I’M the lead guitarist in a rock band and I’ve got a problem with our singer. I know all about groupies and such like, as we get a fair few of them hanging around after gigs. Horny babes wait at the back of the venues just begging for a chance to get on our tour bus and get some action. I’m in a relationsh­ip, so I never bother with them, but it never ceases to amaze me how easy it would be to get a bonk after every show we do.

Bucking

Our singer does takes advantage of the situation, getting off with a different babe at every gig.

This is absolutely fine with me, but at one show he told me he’d just boned a groupie BEFORE the gig because he liked her stripy tights.

He then described in detail how it happened – and it was quite a story.

Apparently, she cornered him in the gents, led him into a cubicle, sat him on the loo and sucked his knob until his balls ached.

Then, he said, she unleashed his monster of rock, turned around, pulled her tights down and lowered her wet pussy on to him.

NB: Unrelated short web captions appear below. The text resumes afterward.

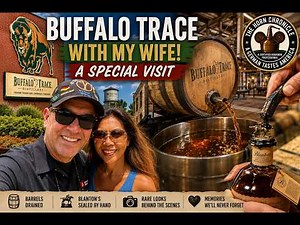 🦬 Buffalo Trace Distillery – The Trace Tour with My Wife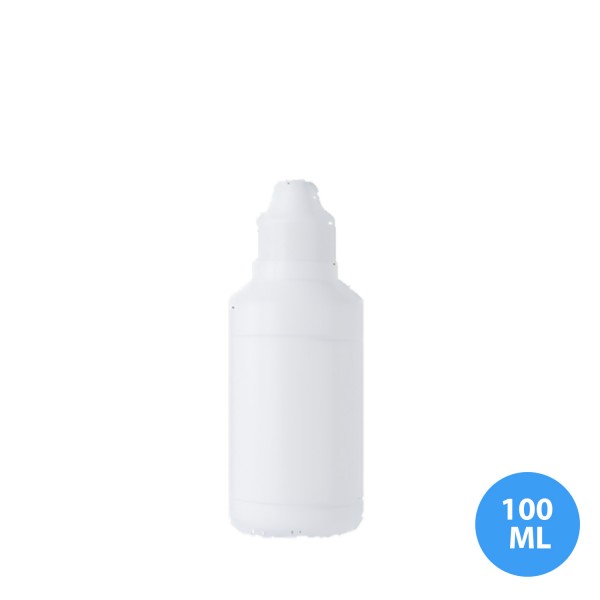 100 ML Polietilen Plastik Boş Kimya Zirai Tarım Şişesi 20 MM Ağız Çapı Damlalık Kapak K130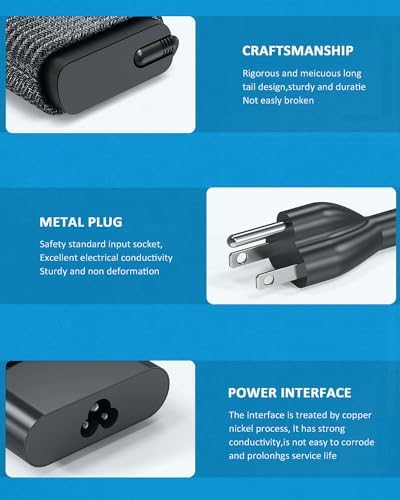 Ultra-Fast 65 W USB-C Laptop Charger for HP Spectre, Elitebook, Chromebook & More – Universal Compatibility with Enhanced Speed for Seamless Power Delivery — Ideal for Travel & Everyday Use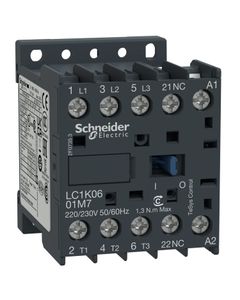 Stycznik LC1K1201B5, 3bieg-3NO, 12A w AC3, 5.5kW, cewka 24V 50Hz, styki pom. 1NC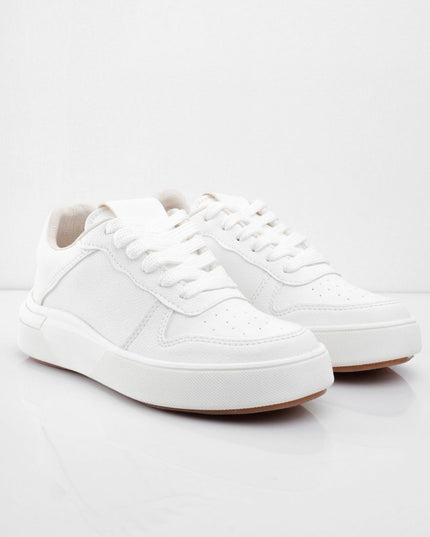 Tenis blancos básicos con suela baja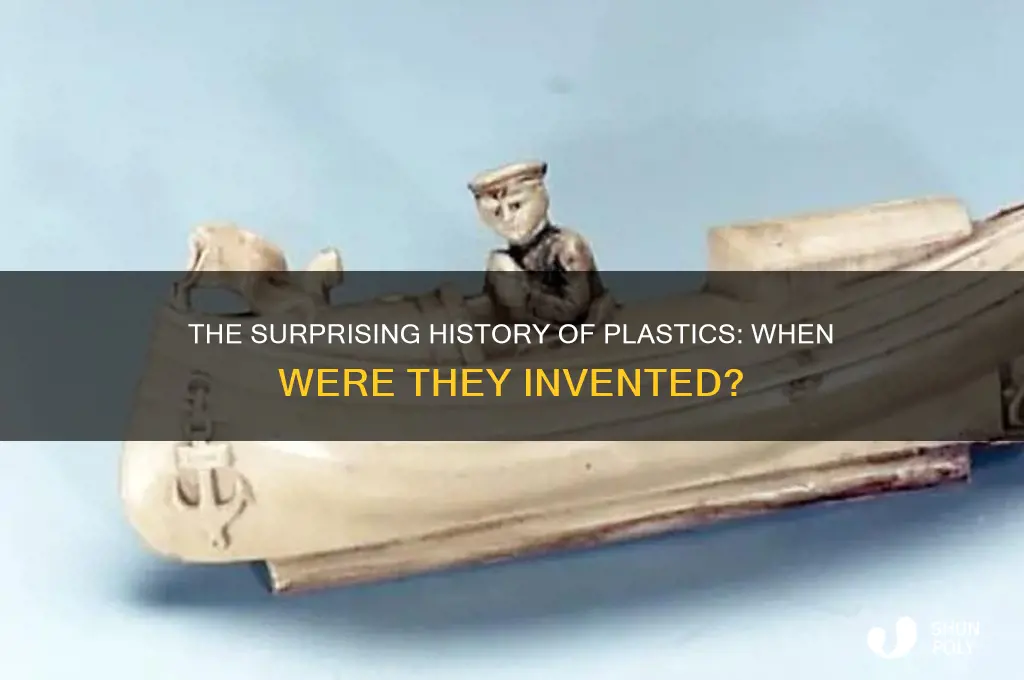 when were plastics made
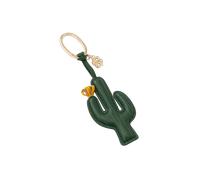 Boss Kaktus Schlüsselanhänger / Taschenanhänger aus Leder, Grün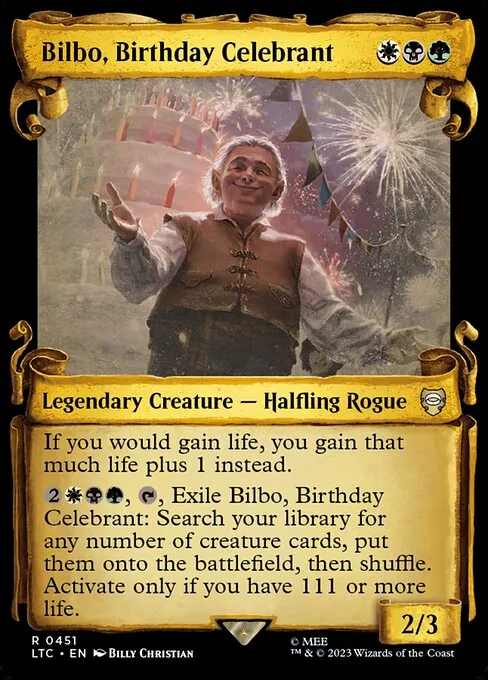 Bilbo, Birthday Celebrant · Tales of Middle-earth Commander 451/591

And all the time she was riding him like a bucking bronco, he just sat back and smoked a cigarette.

But the girl wasn’t done. She pulled him out of the cubicle and ordered him to take her from behind as she was bent over the toilet sink.

Everyone in the band was laughing about it – and I have to say, the way he told us how he’d been pointing in the mirror at himself while she was bent over the sink had me in stitches as well.

Well, it did until moments later I saw my girlfriend walk backstage – wearing black and white stripy tights!

She got a great big cheer from the rest of the band and now I’m a laughing stock.

I love the girl, but I don’t know if I can ever trust her again. Should I forgive her?

BW, east London

Kelly says…

NO, I don’t think you can trust her. She’s done it to you once and she’ll do it again.

Kelly says…

A MAN’S G-Spot is hidden up his anus and, when stimulated right, can deliver amazing orgasms. It’s not just gay men who gain pleasure from this.

Dear Kelly,

EVER since I can remember, the thought of rubber against my skin has me tingling in the nether regions.

It began when I was a kid, when I found a swimming cap left behind in the changing room at our local pool.

I loved the feel of it and stuffed it in my bag instead of handing it in at reception.

Now I have a big collection of them and I rub myself off on them all the time.

But unfortunat­ely, my obsession with rubber has landed me in trouble.

I told my latest girlfriend, who freaked out and whipped me in the face with a floral number I was trying to get her to wear when I shagged her.

Now I’m all confused and don’t know what to do next. Am I a twisted pervert or what?

JJ, Humberside

Kelly says…

NO, but try a fetish website for friends. Dear Kelly, LAST week I went to a lingerie party at a girlie pal’s house.

The usual selection of saucy undies and dildos got passed around, with comments such as “That’s the size of my fella’s” or “That’s twice as big as his”.

We’d all had a few drinks and the conversati­on moved on to a debate about whose bloke was the most well-endowed.

I’ve measured my man’s and it is nine inches when erect.

I’m proud to say that he uses it well and expertly fills all my holes with it!

But one gobby girl at the party wanted to bet £100 that her bloke had the biggest.

I can’t afford to lose £100, but I could also do with the money.

But is it worth gambling on it? MB, west Midlands

Kelly says…

IF you can’t afford to lose £100, don’t risk it. Just enjoy his length!